It took almost a year, but Research In Motion has finally updated its PlayBook tablet with features it believes will appeal to business users looking for a 7-inch mobile device.
Early this morning the long-awaited version 2.0 of the tablet’s operating system was released to an immediate rush of downloads. On Crackberry.com there were some complaints of sluggishness with the 400 MB download, perhaps because of the load on RIM’s servers, with one poster saying it was taking more than an hour. Others
Almost as significantly for corporate users, the first version of RIM’s BlackBerry Mobile Fusion management software was released, which gives IT managers the power to control PlayBooks and encrypt data on it the way data is encrypted on BlackBerrys. Soon Mobile Fusion will include the ability to control mobile devices using Android and Apple iOS handhelds and tablets, making it a true mobile device management platform.
Finally, OS 2.0 will include an emulator allowing users to run Android applications, which may attract thousands of Android developers to port their apps to PlayBook. However, there is a caveat – they may not be able to directly sell their apps through BlackBerry AppWorld.
PlayBook OS 2.0 “gives RIM a fighting chance of [enterprise] share gains in what is predominantly an Apple-centric market for media tablets,” said Kevin Restivo, a senior mobile research analyst at IDC Canada.
The upgrade has been available for some time in beta, and Restivo was briefed on it at January’s Consumer Electronics Show in Las Vegas. “It has a markedly better performance” than the operating system has given until now,” he said. “It’s not a me-too product,” he added, explaining that the upgrade’s unified messaging and social media integration is a “tight experience.”
“It’s not just about putting email on it,” he said. RIM has “clearly taken it the next step.”
Still, he acknowledged that RIM and other tablet makers are still in an uphill battle against Apple’s iPad.
Kunal Gupta, CEO of Toronto-based mobile application developer Polar Mobile, which has written some 40 PlayBook apps, was cautious about whether the update will have an impact on his business.
“Businesses will need to see it, to feel it and understand the benefits of it,” he said in an interview, “how it will interact with their customers and readers.”
On the one hand, he said, consumers have spoken and are going to Apple – and businesses want to reach customers.
“What we’ve seen more and more,” he added, “is business acknowledging they need to extend beyond (Apple’s) iOS in iPhone and iPad. They understand their readers/users/customers are carrying multiple devices. Unless they’re cross-device they’re not going to speak effectively across their user base.”
RIM [Nasdaq: RIMM] has been trying to catch Apple and Android out by discounting the price of PlayBooks since December, and giving away PlayBooks to Android developers.
Apple may take another leap against competitors next month when, if speculation is true, it releases the third version of the iPad. Its lead over the competition may stretch if there’s a wireless version that links to the latest high-speed LTE data networks.
PlayBook has yet to release tablets that can do more than use Wi-Fi.
From RIM’s perspective, OS 2.0 is a”very significant update,” said David Heit, director of BlackBerry software product strategy. “It comes with a lot of features organizations have been looking for: Secure email and calendaring, and a secure corporate perimeter that allows organizations to encrypt corporate data.” Mobile Fusion also adds corporate management services for PlayBook, he added, through a feature called BlackBerry Balance. Balance lets users have an encrypted corporate data side and an unencrypted personal data side to their BlackBerry devices.

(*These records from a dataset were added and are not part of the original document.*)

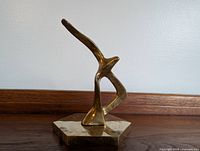 Side view of stylized brass seagull sculpture mounted on hexagonal base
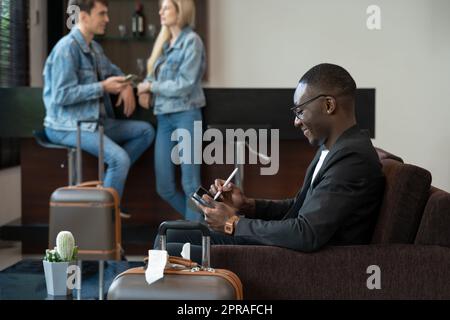 Geschäftsmann, der an einem Tablet-PC arbeitet, während er in der Flughafenlounge auf seinen Flug wartet. Stockfoto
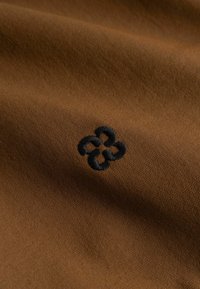 Tissu brun foncé avec un petit motif noir brodé de quatre boucles reliées au centre.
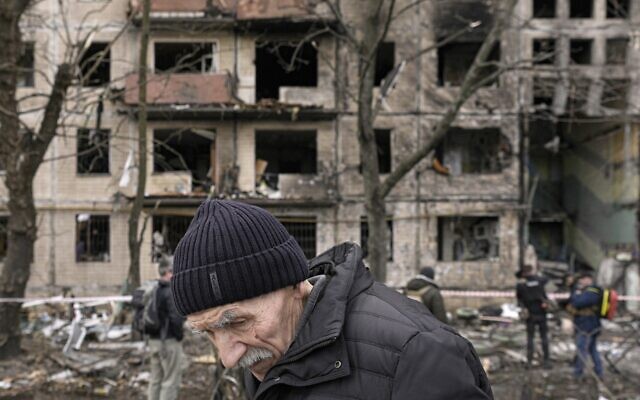 An elderly man walks outside an apartment block which was destroyed by an artillery strike in Kyiv, Ukraine, March 14, 2022. (AP Photo/Vadim Ghirda) An elderly man walks outside an apartment block which was destroyed by an artillery strike in Kyiv, Ukraine, March 14, 2022. (AP Photo/Vadim Ghirda)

“You’re going to see a lot of people pleased to see the features we’ve built in,” he said.
One question is whether OS 2.0’s features will impress application developers, a critical audience for any mobile platform. Many users make tablet decisions based on the number of applications available on a platform. BlackBerry AppWorld lags behind Android and Apple.
At a recent BlackBerry developers conference, the company boasted that its AppWorld (which includes apps for PlayBook and BlackBerry handhelds) has more paid downloads than Android Market, and is second only to Apple in profitability. AppWorld apps generate 40 per cent more revenue than Android Market apps, RIM says. Thirteen per
cent of BlackBerry developers have made $100,000 or more with BlackBerry apps, it says.